Summary: The new version of Uniplate has several wrappers for working with abstract data types, such as Map from the containers package. These wrappers let you transform abstract data types without breaking their invariants.Abstract data types, such as
Map from the containers package, hide their internal structure so they can maintain invariants necessary for their correct operation. Generic programming, such as the Data class used by SYB, allows programs to generically traverse data types, without detailed knowledge of their structure. The two are somewhat incompatible - if
Map allows manipulating it's internal structure, the invariants could be broken causing
Map to perform incorrectly.
Using the
Data class, a
Map String Int claims it has no constructors, but if you operate on it with
gfoldl is behaves as though it were
[(String,Int)]. When Uniplate traverses the
Map, such as when searching for an
Int, it first analyses the available constructors to see if a
Map String Int can possibly contain an
Int. Since
Map has no constructors, it concludes that
Map cannot contain an
Int, and Uniplate fails to operate on the contained
Int's.
For people who use the Data-style Uniplate module, using the new version of Uniplate you can now correctly operate over
Map String Int, provided you use the newtype
Map wrapper from
Data.Generics.Uniplate.Data.Instances. When you transform over
Bool (which does not touch the
Map) it will ignore the
Map and take
O(1). When you transform over
Int it will reconstruct the
Map in
O(n), and if you transform
String or
Char it will reconstruct the
Map in
O(n log n). Regardless of what operations you do, it will work efficiently and correctly. As an example:
$ import qualified Data.Map as Map
$ import Data.Char
$ import Data.Generics.Uniplate.Data
$ import Data.Generics.Uniplate.Data.Instances
$ fromMap $ transformBi toUpper $ toMap $ Map.fromList [("haskell",12),("test",18)]

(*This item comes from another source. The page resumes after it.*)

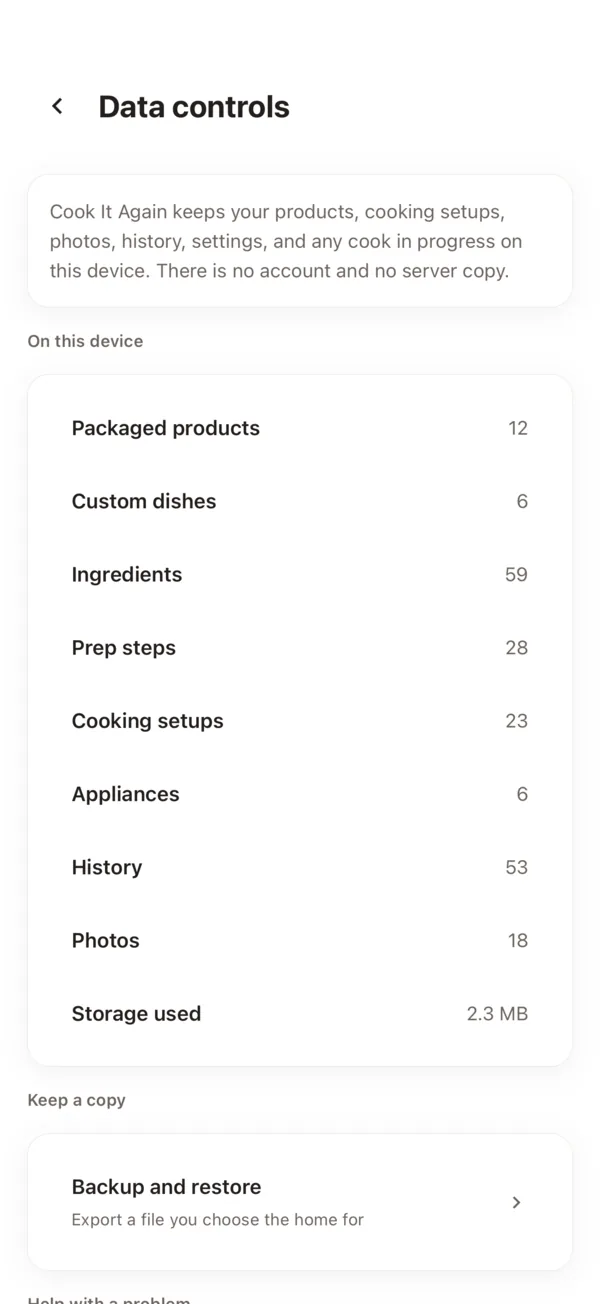 The backup screen, listing how many products, dishes, ingredients, setups, and past cooks the file will contain.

fromList [("HASKELL",12),("TEST",18)]
There are two approaches for dealing with the
Map problem in Uniplate. For users of the Direct-style Uniplate module, there is a function
plateProject, which has been available for some time. For users of the Data-style Uniplate module, or for users of the SYB package, there is a new module
Data.Generics.Uniplate.Data.Instances in uniplate-1.6.4 (released today) which provides three types with special
Data instances (
Hide,
Trigger,
Invariant). Using these three types we can construct wrappers providing Data instances for abstract types, and Uniplate includes wrappers for several of the types in the containers package (
Map,
Set,
IntMap,
IntSet).
plateProjectThe plateProject function helps you define Direct Uniplate instances for abstract types. Instead of defining how to examine the data type, you instead define how to transform the data type into one you can examine, and how to transform it back. As an example:
instance Biplate (Map.Map [Char] Int) Char where
biplate = plateProject Map.toList Map.fromList
If the types ensure that any operations will not change the keys we can optimise and use the
fromDistictAscList function to reconstruct the
Map:
instance Biplate (Map.Map [Char] Int) Int where
biplate = plateProject Map.toAscList Map.fromDistinctAscList
HideThe
Hide data type is useful for wrapping values that you want to ignore with Uniplate. The type is defined as:
data Hide a = Hide {fromHide :: a}
But has a
Data instance that pretends it is defined using the extension
EmptyDataDecls as:
data Hide a
As an example of avoiding particular values, you can write:
transformBi (+1) (1, 2, Hide 3, Just 4) == (2, 3, Hide 3, Just 5)
As a result of having no constructors, any calls to the methods
toConstr or
gunfold will raise an error.
TriggerThe
Trigger data type is useful for determining when a value was constructed with the
Data methods. It is defined as:
data Trigger a = Trigger {trigger :: Bool, fromTrigger :: a}
But the
Data instance pretends that it is defined as:
data Trigger a = Trigger a
However, whenever
gfoldl or
gunfold constructs a new value, it will have the
trigger field set to
True. The trigger information is useful to indicate whether any invariants have been broken, and thus need fixing. As an example:
data SortedList a = SortedList (Trigger [a]) deriving (Data,Typeable)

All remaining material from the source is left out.